A month ago, the Bavarian Red Cross (BRK) opened a clinic for people without health insurance in the center of Augsburg. The practice is open every Wednesday between 9am and 11am, and the BRK is pleased with the demand so far.
Two or three people always attended the free weekly consultation hours in the uninsured practice in Augsburg, says Reinhard Eder.
Serious cases also come into practice
Eder is a retired general practitioner and internist. He supervises the practice on a voluntary basis in cooperation with the BRK. So far, it has been possible to help patients, prescribe medication or refer them to other doctors. Most people aged 60 and over would have sought help from the practice with a wide variety of complaints, such as post-heart attack care.
Now a 69-year-old man presented to Eder with a hernia. The man wants to remain anonymous, but gives a little insight into his story: The 69-year-old lives in a mobile home, works as a craftsman and has never had health insurance: “I never needed it. And that’s how long I’ve been I didn’t think of that there. This is the first time I’ve had this problem. I was hoping to get some help here now,” he says.

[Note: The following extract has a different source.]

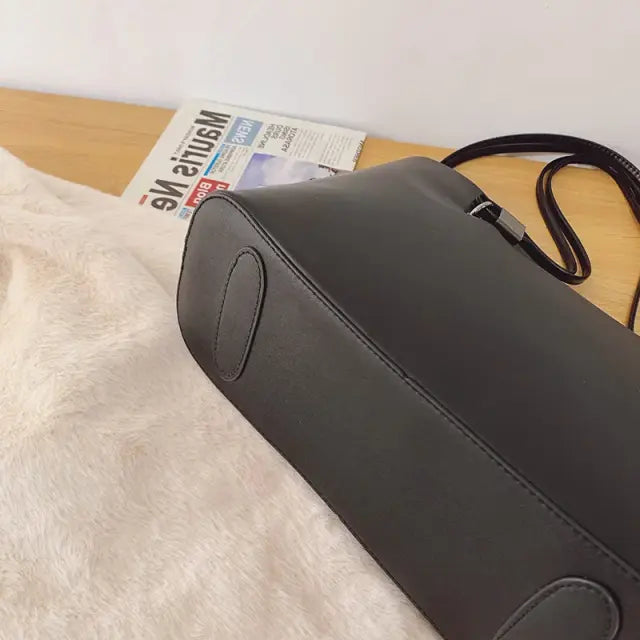 Bolsa Tote Grande Preta Garbo Sara - Garboza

Ambulatory surgery saves hospital costs
Eder quickly realizes that the man needs an operation, but the operation plus hospital stay would cost a good 2,600 euros, too expensive for the patient. Eder calls a friend’s surgeon without further ado. “Now I have put him in touch with a surgeon who operates on an outpatient basis. The patient has few savings and can spend up to 1,000 euros on the operation. And next week he goes to the surgeon and introduces himself. That is relative, it is done with little effort and the patient can return to normal life,” says Eder.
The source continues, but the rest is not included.